Apart from being safe and secure, cloud provides elasticity and scalability. Daily / seasonal peaks and troughs in workload create a sudden increased demand on the system. Instead of spending budget on additional permanent infrastructure capacity to handle a constant yet temporary workload, this is a good opportunity to use an elastic solution. The additional infrastructure to handle the increased volume is only used in as pay-as-you-grow model and then ‘shrinks’ back to a lower capacity for the remainder of the duration. One of the largest chain of hospitals happens to be our client and they have effectively utilised the clouds elasticity for their benefit. Their IT infrastructure experiences peak volumes every morning and evening and on weekends and the clouds elasticity helps them manage their infrastructure without manual intervention. It scales up when the demand is high and scales down when the demand reduces. Other features and functionalities of cloud, for e.g. storage and networking, provide connectivity, mobility and accessibility to information. This drives collaboration and faster sharing of information over a secured network. One of our clients is a leading pharmaceutical company and hosts a patient management system on cloud. Through this application client manages the distribution and administration of insulin pen, sending real-time alerts to patients and reminders for refills.
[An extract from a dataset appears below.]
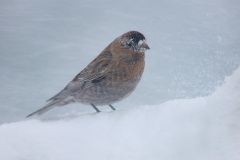 Brown-capped Rosy-Finch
In a nutshell, through a pay per use model, cloud provides a cost effective and efficient way of utilising the best technologies which would otherwise be very expensive, due to high capital expenditure involved in procuring them. Advanced technologies like artificial intelligence, machine learning, Internet of things are all available on a cloud platform and are easy to use unlike the traditional methods. These advanced technologies have the potential to drive a new wave in healthcare industry that of preventive healthcare. These systems if used appropriately have the ability to predict future health outcomes and present an opportunity to mitigate them even before you are infected or affected. Healthcare community has a wonderful opportunity to promote healthy and happy living by providing preventive healthcare through the use of technology, especially cloud.
“An ounce of prevention is better than a pound of cure.”